A General Theory of Hypothesis Tests and Confidence Regions for Sparse High Dimensional Models

TL;DR

This paper introduces a general framework for hypothesis testing and confidence regions in high dimensional models, using decorrelated score functions to handle nuisance parameters, applicable across various models and settings.

Contribution

It develops a universal approach for high dimensional inference that is applicable to a wide range of models, including under misspecification and with generalized loss functions.

Findings

The decorrelated score test controls type I error and has good power.

The method achieves semiparametric efficiency for estimators.
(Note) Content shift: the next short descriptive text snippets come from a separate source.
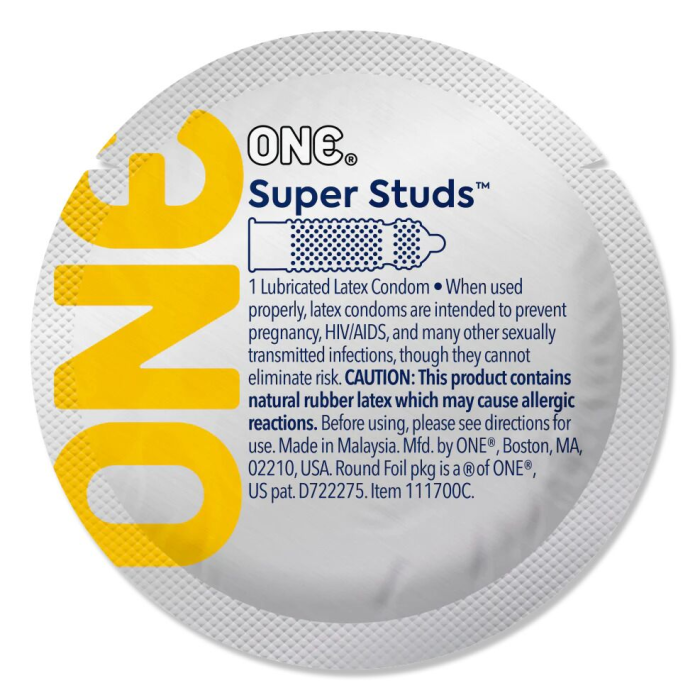 Презерватив ONE Super Studs, 1 шт, з точковим рельєфом, зі змазкою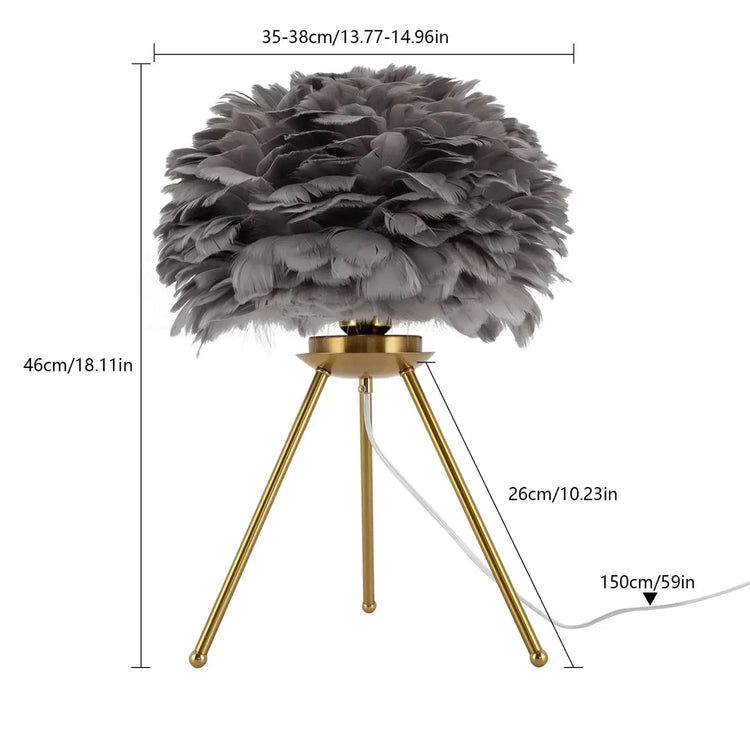Soft Light, Strong Style — Grey Feather Tripod Desk Lamp Jonine’s Corner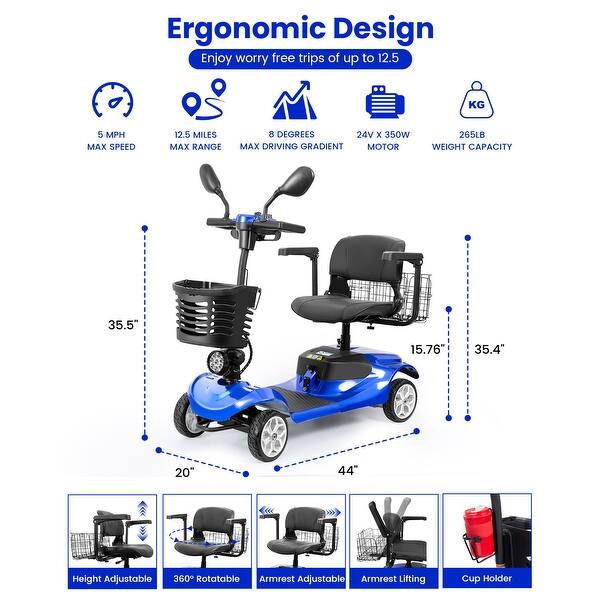 Folding Mobility Scooter for Adult, Powered Terrain Motorized Scooter Collapsible with 350W Motor, Ideal for Elderly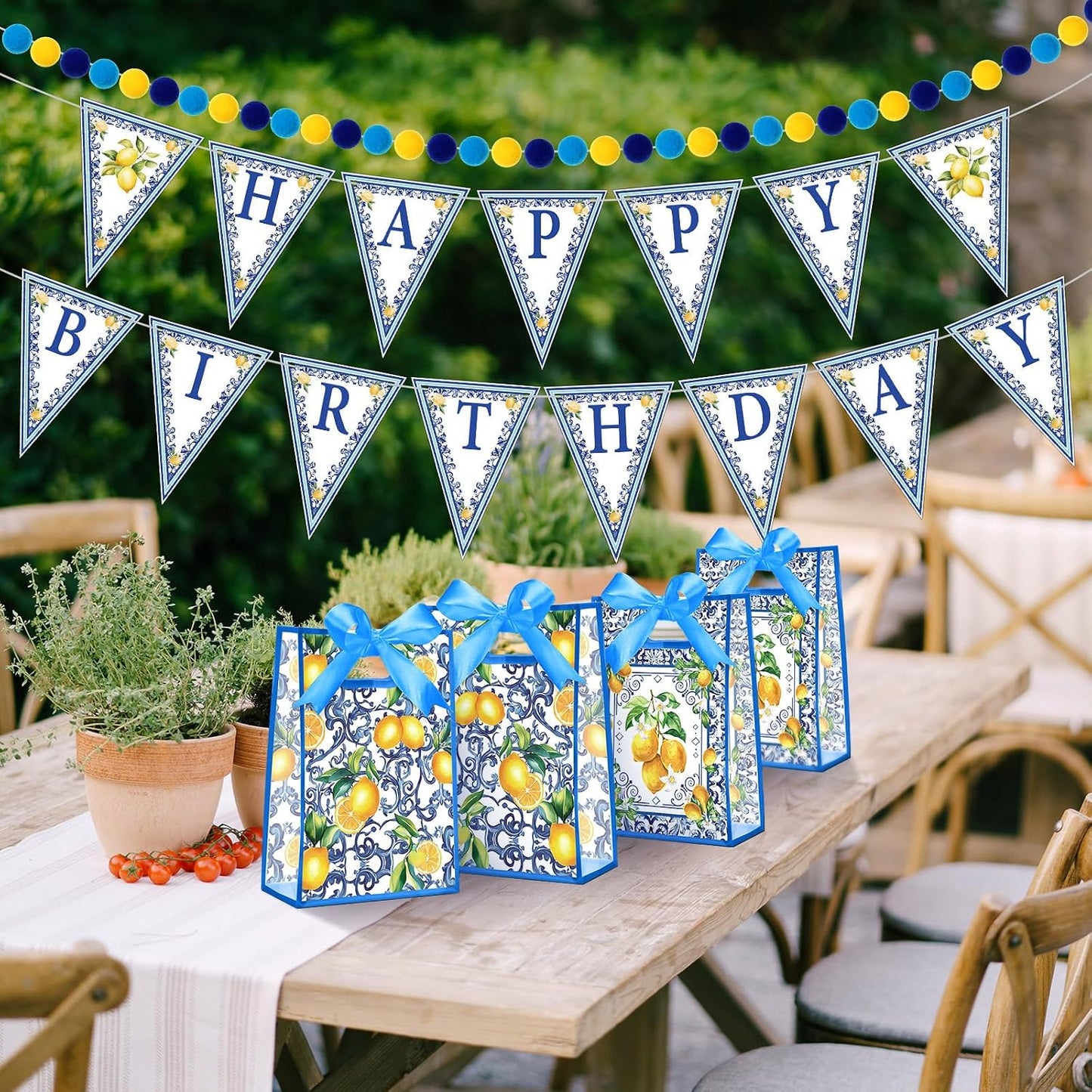 24 Pcs Capri Lemon Gift Bags for Party Favors Clear Reusable PVC Treat Goodie Bags with Handles and Ribbon for Baby Shower Birthday Wedding Supplies Decors, 7x10x3.15 Inch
Extensions handle high dimensional null hypotheses and model misspecification.

Abstract

We consider the problem of uncertainty assessment for low dimensional components in high dimensional models. Specifically, we propose a decorrelated score function to handle the impact of high dimensional nuisance parameters. We consider both hypothesis tests and confidence regions for generic penalized M-estimators. Unlike most existing inferential methods which are tailored for individual models, our approach provides a general framework for high dimensional inference and is applicable to a wide range of applications. From the testing perspective, we develop general theorems to characterize the limiting distributions of the decorrelated score test statistic under both null hypothesis and local alternatives. These results provide asymptotic guarantees on the type I errors and local powers of the proposed test. Furthermore, we show that the decorrelated score function can be used to construct point and confidence region estimators that are semiparametrically efficient. We also generalize this framework to broaden its applications. First, we extend it to handle high dimensional null hypothesis, where the number of parameters of interest can increase exponentially fast with the sample size. Second, we establish the theory for model misspecification. Third, we go beyond the likelihood framework, by introducing the generalized score test based on general loss functions. Thorough numerical studies are conducted to back up the developed theoretical results.